Real Estate

The mortgage rules that could be loosened

Propertywire speaks to Ray Boulger, senior technical manager of John Charcol, on the mortgage rules the Financial Conduct Authority and the Bank of England could end up loosening or scrapping altogether, something that’s currently being explored by the regulators.

He reckoned there could be changes to lenders’ income multiple limits and capital requirements, which would encourage lending to those with small deposits.

Meanwhile mortgage stress tests could stop being pegged to standard variable rates which are rarely used, as that can restrict mortgage choice for borrowers.

Income multiple limit

Ray Boulger thinks the first rule on the chopping block is the requirement that no more than 15% of a lender’s mortgage book can be to borrowers with a loan-to-income ratio of 4.5 times.

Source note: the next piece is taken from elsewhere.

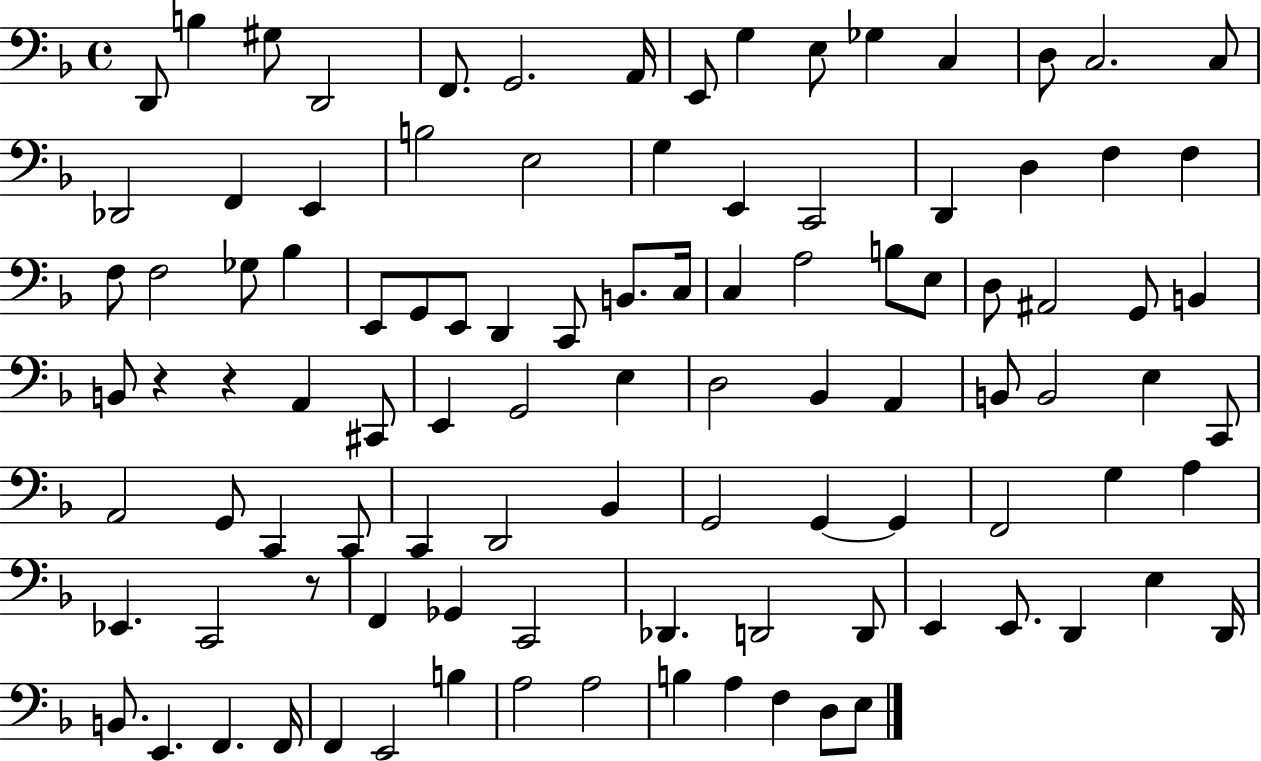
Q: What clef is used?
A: bass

He said: “That clearly is a constraint for a lot of lenders, and bearing in mind that the interest rate risk is lower for borrowers with a longer-term deal than short-term fix the logic of imposing a limit across the market is clearly non-existent.

“I would be surprised if that’s not one of the first rules to go.”

In 2022 the Bank of England scrapped a mortgage stress test at 3% above the revert-to-rate (standard variable rate), so it has history in loosening previously tight rules.

Capital requirements

The second rule Boulger expects to change is the amount of capital (cash reserves) lenders are required to hold when lending to people with a small deposit.

Like the income multiple limit, the rules make it harder for lenders to cater to first-time buyers.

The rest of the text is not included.